Clarence Thomas’ Jurisprudence Is Only Getting More Chaotic – By Mark Joseph Stern (Slate) / April 22, 2022
The justice’s attack on a landmark school desegregation case is the latest illustration of his erratic extremism.
On Thursday, Justice Clarence Thomas made a surprising proclamation: A celebrated ruling against school segregation—which, along with Brown v. Board of Education, abolished the doctrine of “separate but equal”—was wrongly decided. That decision, 1954’s Bolling v. Sharpe, compelled the federal government to abide by equal protection principles. It forms the basis of countless landmark civil rights decisions over the last 70 years.
And now, Thomas declared, it should be overturned.

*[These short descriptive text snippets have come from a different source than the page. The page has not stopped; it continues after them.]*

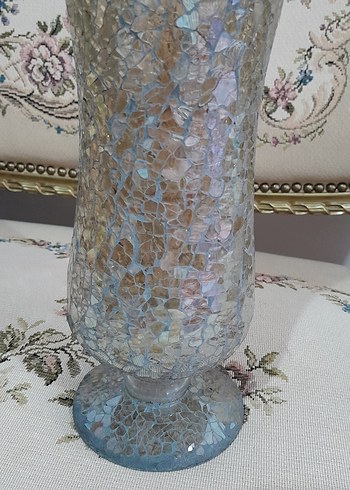 Kırık Cam Modeli Antika Vazo - Görsel 4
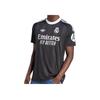 adidas Orijinaller 25-26 Real Madrid İkinci Deplasman Taraftar Versiyonu Nem Emici Kazak Basit Harf Kısa Kollu Futbol Forması Erkek Üstler JP4173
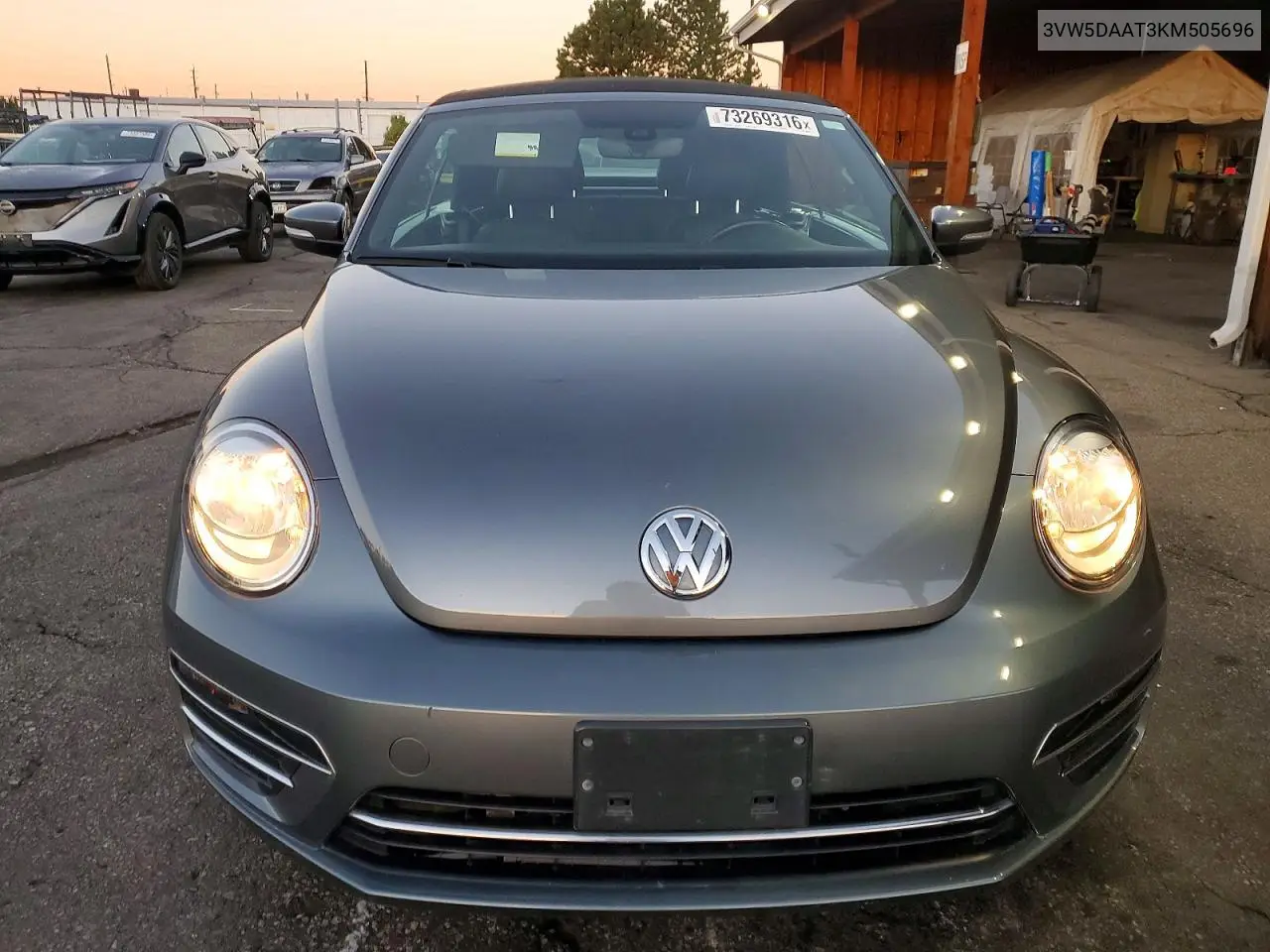 2019 VOLKSWAGEN BEETLE VIN 3VW5DAAT3KM505696 — фото 5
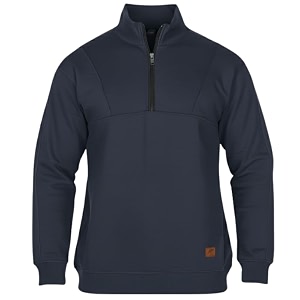 Mens Lightweight Front Zip Pullover - Trendy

The justice’s condemnation of Bolling came in the form of a concurrence to U.S. v. Vaello Madero, an 8–1 decision upholding the denial of Supplemental Security Income benefits to residents of Puerto Rico. But Thomas’ opinion is not really about that unfortunate ruling. Rather, his opinion marks the latest chapter in a career-long quest to replace long-established precedent with a confused, slapdash substitute based on amateur historical analysis and tendentious conservative law review articles. In 15 muddled pages, the justice promoted a series of sea changes in the law, suggesting that the court should legalize sweeping discrimination against noncitizens and erase modern equal protection jurisprudence.